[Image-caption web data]
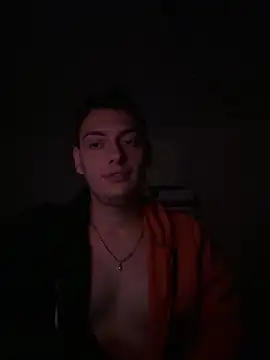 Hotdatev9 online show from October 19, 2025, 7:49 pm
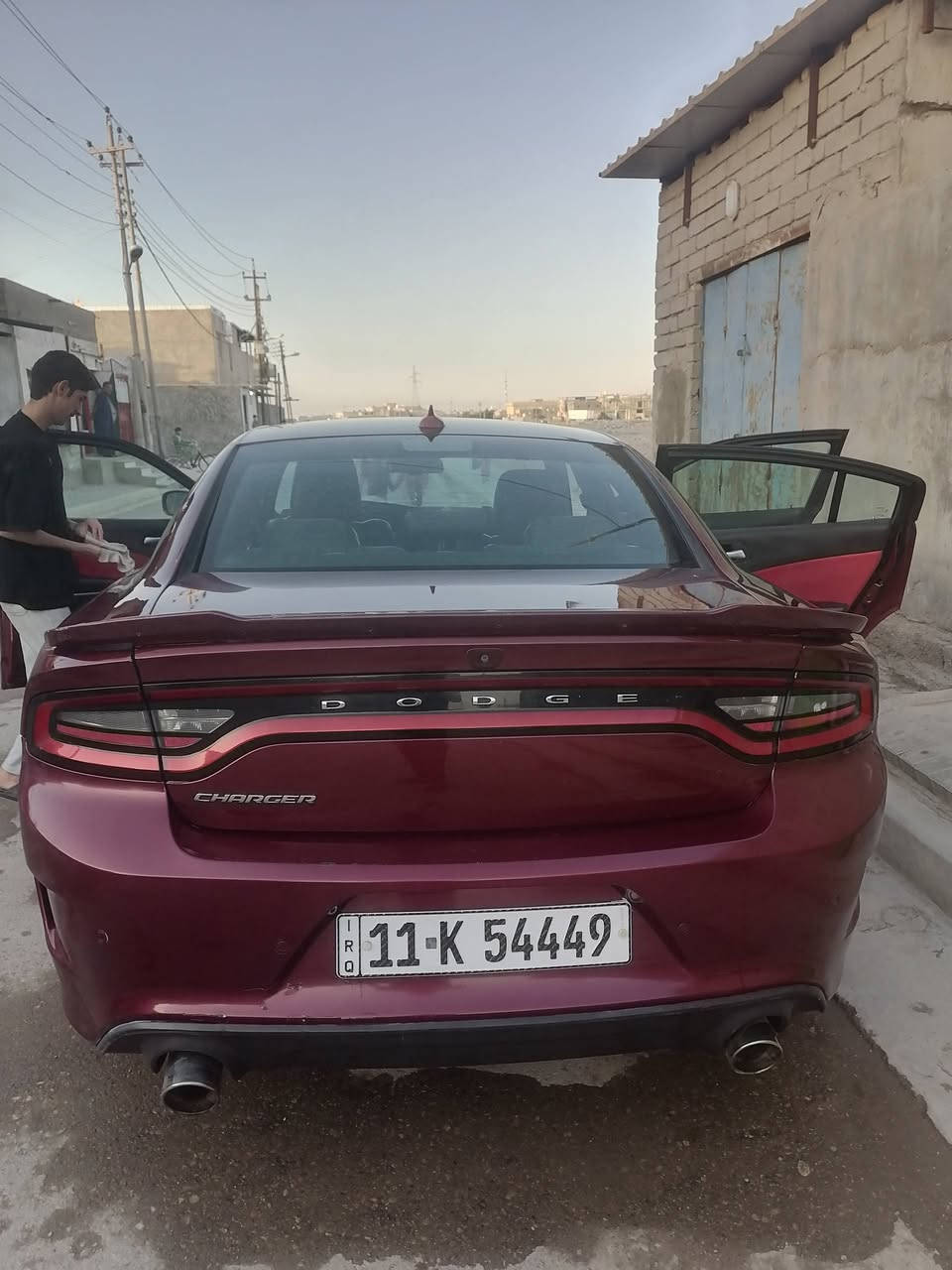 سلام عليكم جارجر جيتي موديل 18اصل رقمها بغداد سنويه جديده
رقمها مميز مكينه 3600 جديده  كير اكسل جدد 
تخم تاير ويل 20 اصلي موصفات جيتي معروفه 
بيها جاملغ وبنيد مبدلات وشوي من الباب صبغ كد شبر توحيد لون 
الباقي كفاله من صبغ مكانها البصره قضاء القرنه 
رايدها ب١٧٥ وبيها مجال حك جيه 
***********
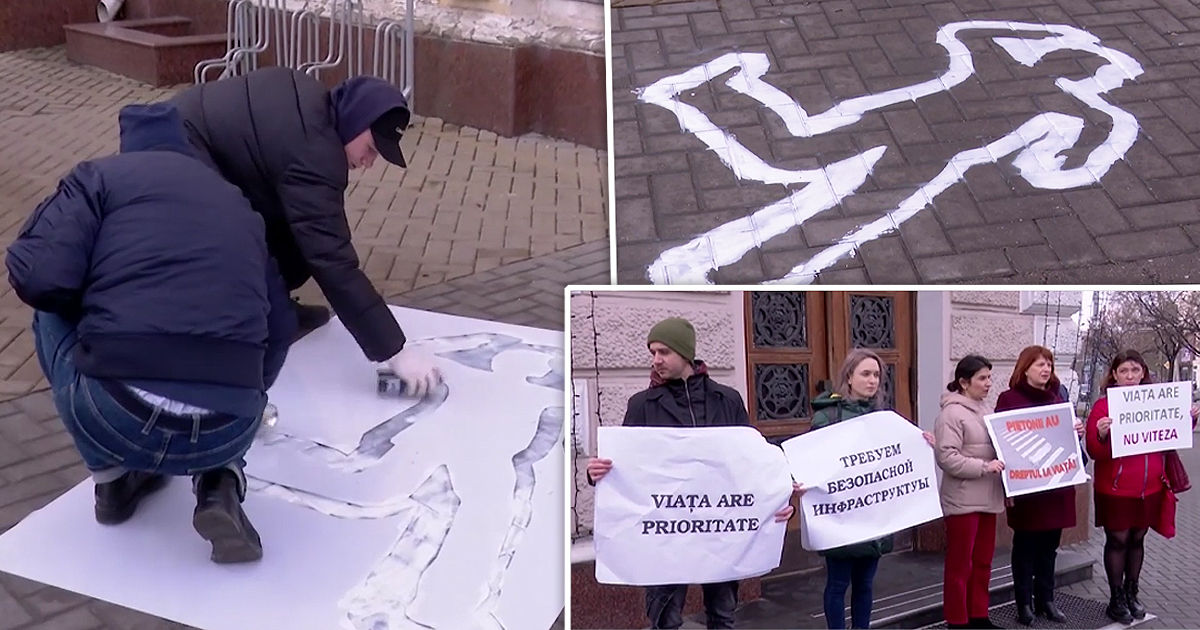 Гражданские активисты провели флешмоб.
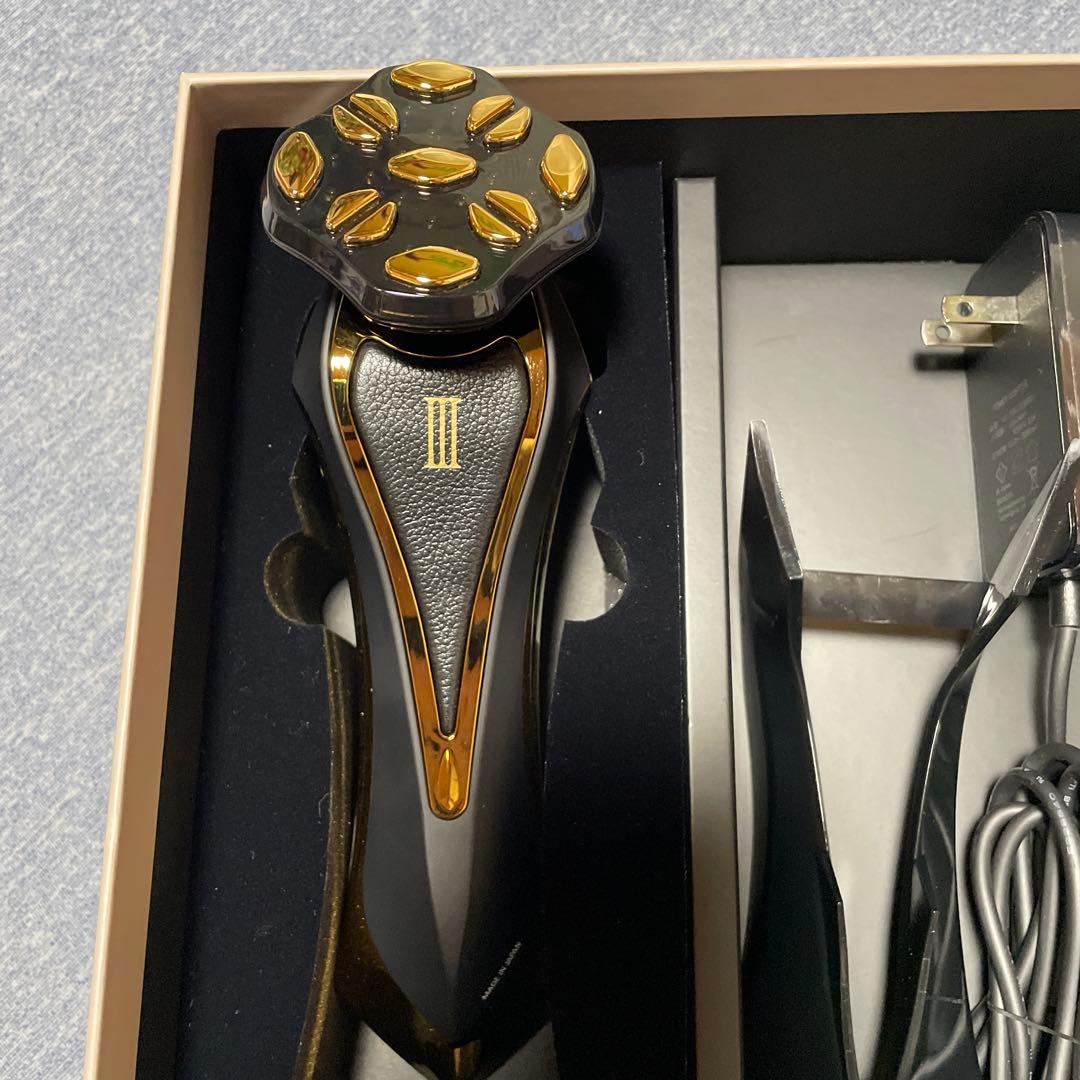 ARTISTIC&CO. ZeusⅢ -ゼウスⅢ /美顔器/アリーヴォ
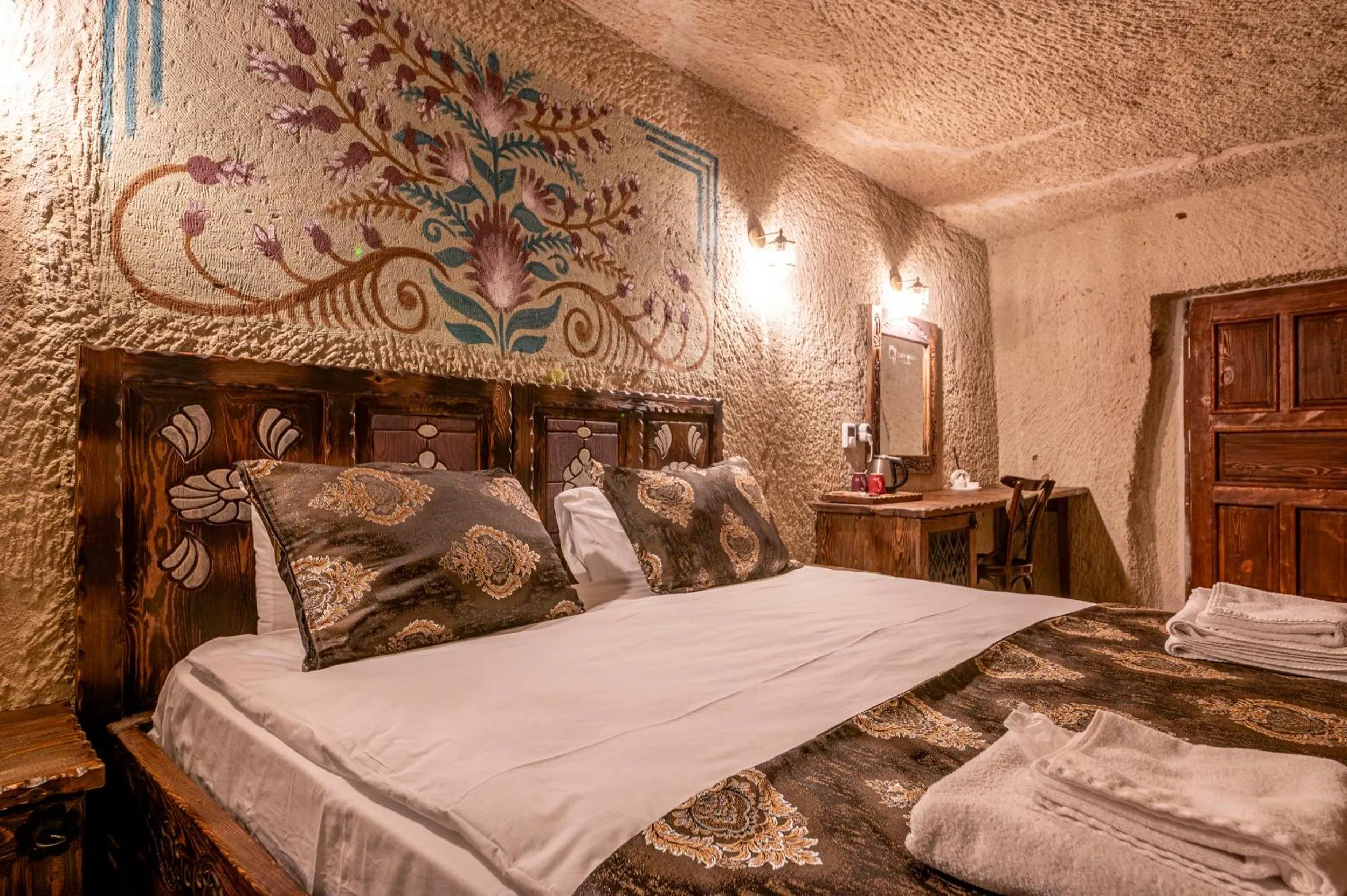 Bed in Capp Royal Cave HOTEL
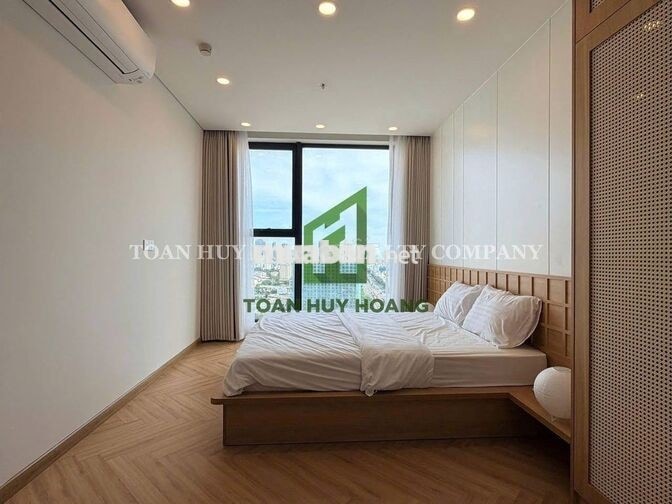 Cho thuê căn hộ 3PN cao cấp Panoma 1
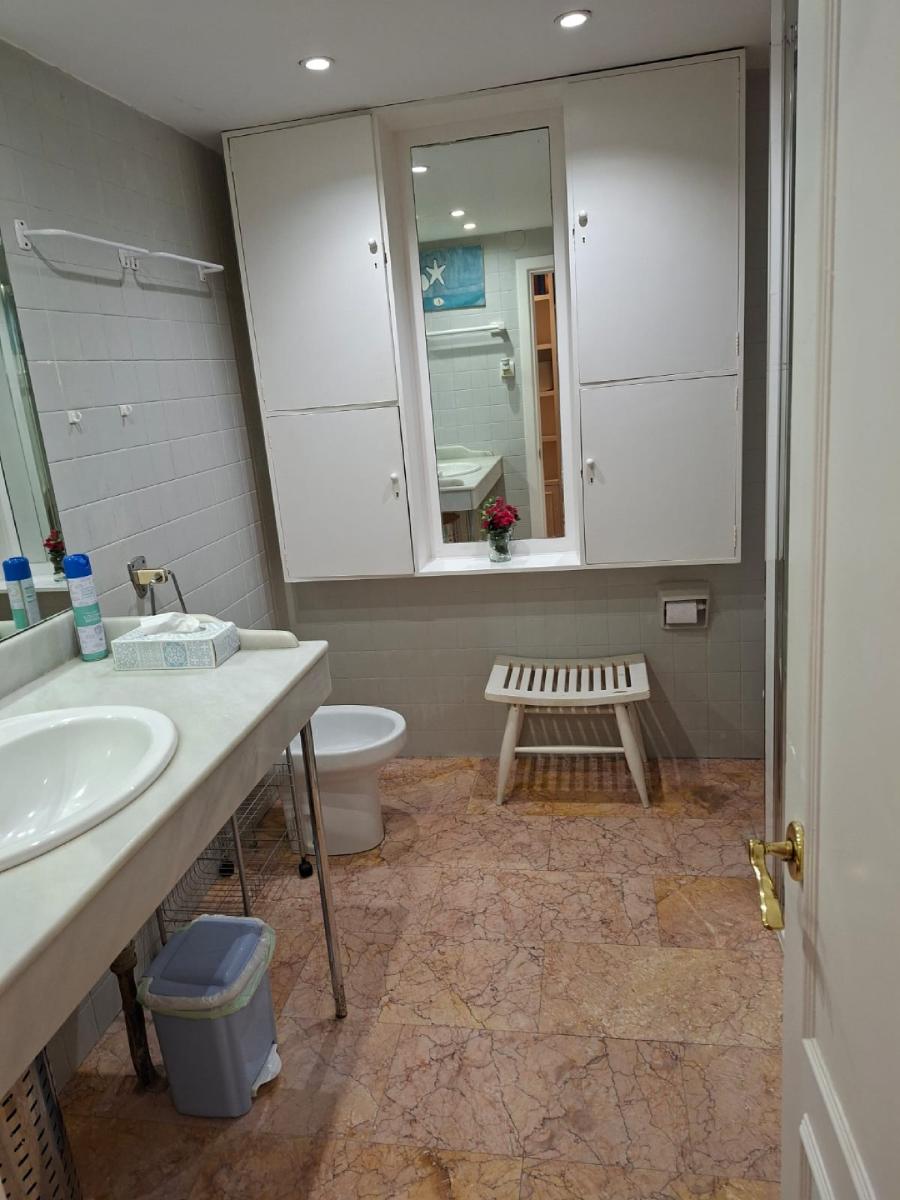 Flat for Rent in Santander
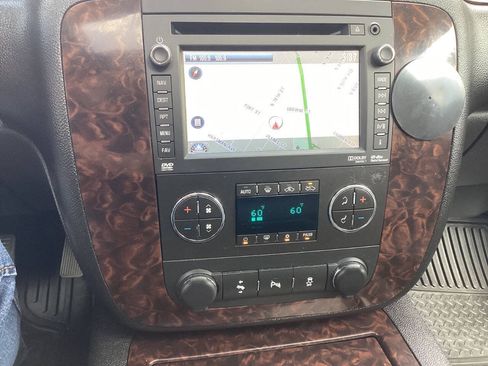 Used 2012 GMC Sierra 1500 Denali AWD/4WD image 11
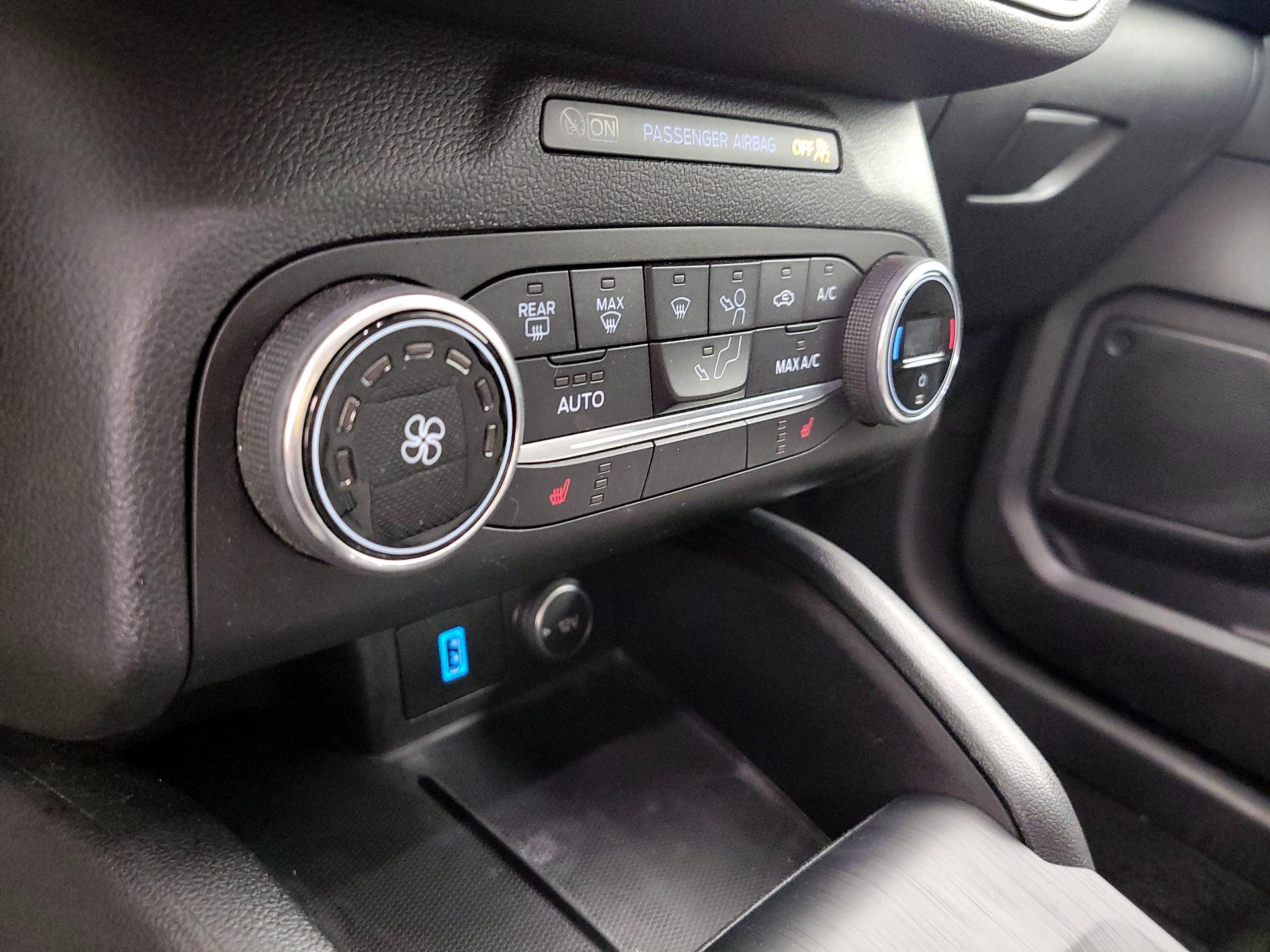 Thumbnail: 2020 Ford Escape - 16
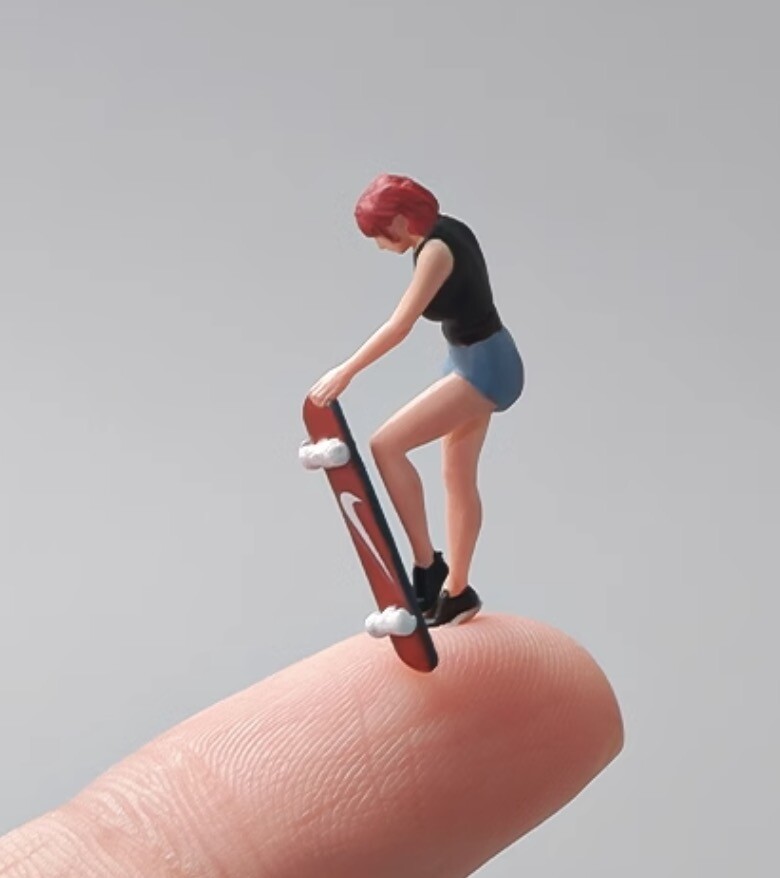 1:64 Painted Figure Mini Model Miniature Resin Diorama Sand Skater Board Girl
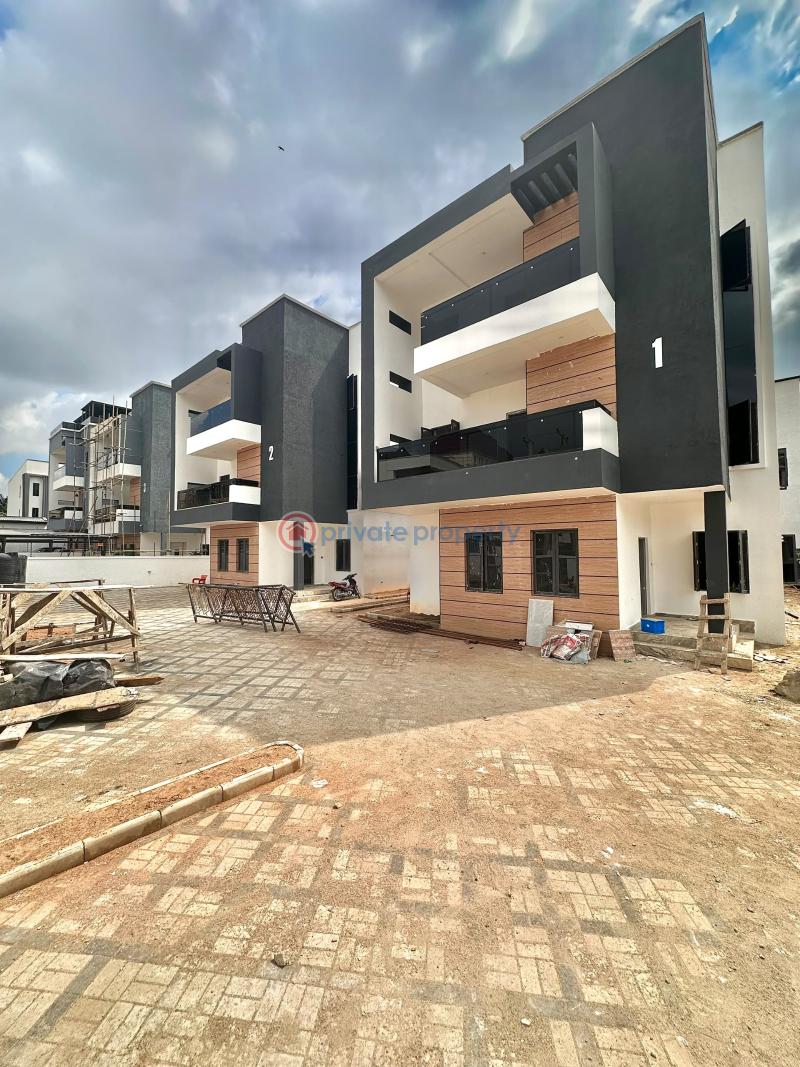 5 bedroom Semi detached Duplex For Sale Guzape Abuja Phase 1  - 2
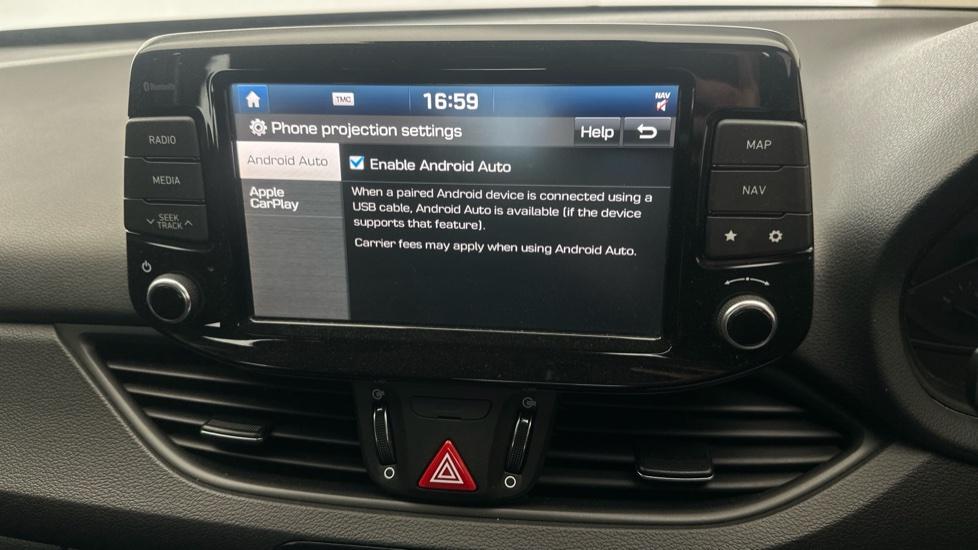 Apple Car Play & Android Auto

## [TASK DETAILS]
Please repeat the entries above exactly, leaving out any pictures.

## [TASK OUTPUT]
 Hotdatev9 online show from October 19, 2025, 7:49 pm
 سلام عليكم جارجر جيتي موديل 18اصل رقمها بغداد سنويه جديده
رقمها مميز مكينه 3600 جديده  كير اكسل جدد 
تخم تاير ويل 20 اصلي موصفات جيتي معروفه 
بيها جاملغ وبنيد مبدلات وشوي من الباب صبغ كد شبر توحيد لون 
الباقي كفاله من صبغ مكانها البصره قضاء القرنه 
رايدها ب١٧٥ وبيها مجال حك جيه 
***********
 Гражданские активисты провели флешмоб.
 ARTISTIC&CO. ZeusⅢ -ゼウスⅢ /美顔器/アリーヴォ
 Bed in Capp Royal Cave HOTEL
 Cho thuê căn hộ 3PN cao cấp Panoma 1
 Flat for Rent in Santander
 Used 2012 GMC Sierra 1500 Denali AWD/4WD image 11
 Thumbnail: 2020 Ford Escape - 16
 1:64 Painted Figure Mini Model Miniature Resin Diorama Sand Skater Board Girl
 5 bedroom Semi detached Duplex For Sale Guzape Abuja Phase 1  - 2
 Apple Car Play & Android Auto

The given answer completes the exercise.